Back to Manitou for dinner (chili renellos...yum) and then the drive home, most of it through national forest, really remote and dark and quiet and peaceful at night. We did that drive to visit my Aunt and Uncle dozens and dozens of times as children...it was kind of nice to do it with my brother again.
Good day.
Crazy IVF Dreams...And Good News at the Clinic
I've had a couple nights pretty bad insomnia...probably some of it having to do with the drugs I'm on, some of it my anxiety about traveling/how this cycle is going. Last night I lay awake for hours, and when I finally fell asleep had the weirdest dreams about my clinic.
First, they didn't do an ultrasound to check the follicles, they had me lean forward and could see them as little ovals on my lower back. They said I had a lot, and then said that they weren't going to retrieve any, and I couldn't quite figure out why. Then, I went to have my blood drawn, and they needed a different kind of blood draw, they said, and they used a needle the size of the barrel of a ballpoint pen and put a big puncture wound in my arm that needed a couple stitches after. And the whole visit took 24 hours and no one seemed concerned about that. And then I got in a pretty major car wreck on the way home, but didn't really seem to be hurt. Has anyone else had weird dreams like this?
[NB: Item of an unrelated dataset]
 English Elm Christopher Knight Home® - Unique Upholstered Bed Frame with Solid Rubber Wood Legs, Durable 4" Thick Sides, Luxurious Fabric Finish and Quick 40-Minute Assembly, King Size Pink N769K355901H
Back in the real world, I had my first visit at my out-of-town clinic today (I've been being seen locally up until now) and everything is looking really, really good. They're thinking retreival next Tuesday or Wednesday, possibly Thursday. The fact that we won't know the retrieval day until 36 hours ahead of time is causing stress as we've got to get my husband out here and he's in college and has already missed a lot of school because of his dad dying and we're going to have to get him a plane ticket at the last minute and he has a test on Tuesday that could cause big problems if missed...ugh...stressful. Need to focus on today's good news and not our potential scheduling nightmares.
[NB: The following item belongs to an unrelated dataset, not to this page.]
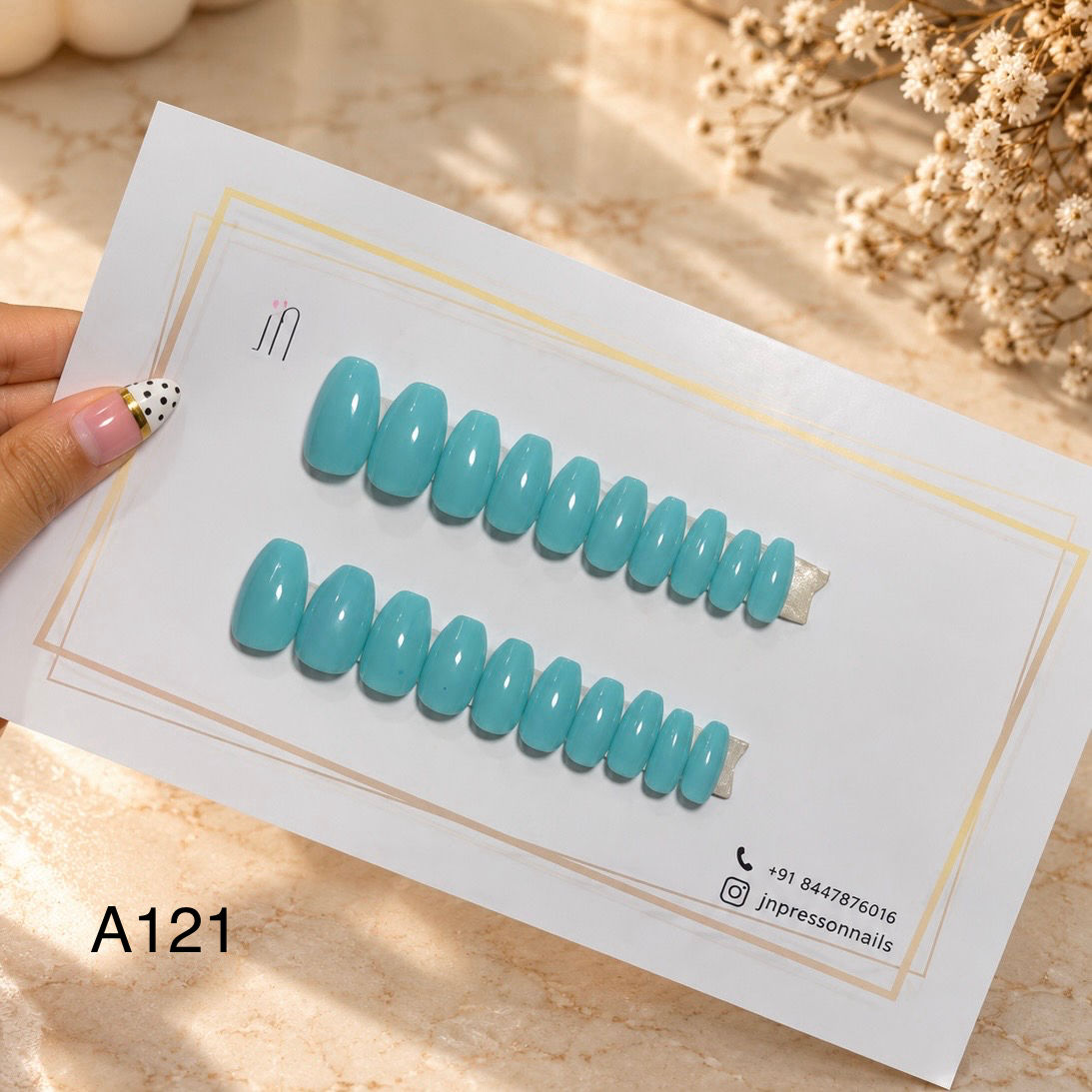 Aqua Pearl Gloss | A121 | 20 Nails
Hope everyone else is doing well on this lovely, sunny (in Colorado at least) Friday. Happy almost-weekend! :)
Is it Better to Keep the Negative to Yourself?
“In our marriage, it was our practice not to share anything that was upsetting, demoralizing, or tedious, unless it was unavoidable…for what is the purpose of sharing your misery with another person, except to make that person miserable too?”
--Joyce Carol Oates, in The New Yorker, December 13, 2010
I’ve been thinking about this statement since I read it about a month ago, and about the implications it has for my marriage.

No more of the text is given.